**EXTRACTED ENTRIES:**
◆ ◆ ◆ ◆ ◆ ◆ ◆
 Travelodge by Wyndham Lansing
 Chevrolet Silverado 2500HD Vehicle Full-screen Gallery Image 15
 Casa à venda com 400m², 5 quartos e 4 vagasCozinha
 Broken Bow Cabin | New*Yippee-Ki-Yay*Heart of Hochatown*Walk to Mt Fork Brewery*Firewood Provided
◆ ◆ ◆ ◆ ◆ ◆ ◆
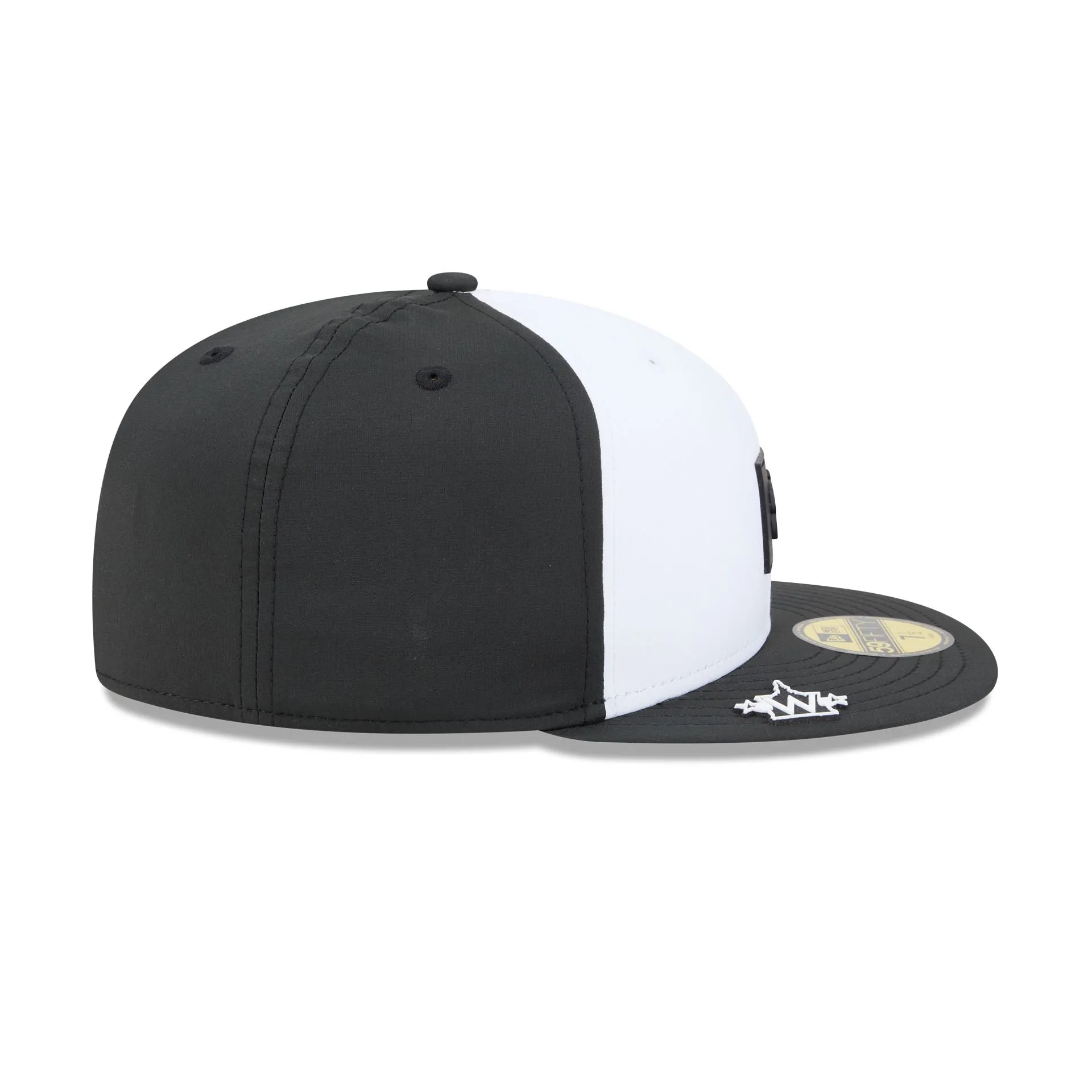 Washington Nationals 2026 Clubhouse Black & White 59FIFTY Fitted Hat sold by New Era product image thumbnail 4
◆ ◆ ◆ ◆ ◆ ◆ ◆
**ACTIVITY:**
Repeat, exactly as they stand above, the lines from the line with "Travelodge by Wyndham Lansing" to the line with "Broken Bow Cabin", both lines included.

**YOUR RESPONSE:**
 Travelodge by Wyndham Lansing
 Chevrolet Silverado 2500HD Vehicle Full-screen Gallery Image 15
 Casa à venda com 400m², 5 quartos e 4 vagasCozinha
 Broken Bow Cabin | New*Yippee-Ki-Yay*Heart of Hochatown*Walk to Mt Fork Brewery*Firewood Provided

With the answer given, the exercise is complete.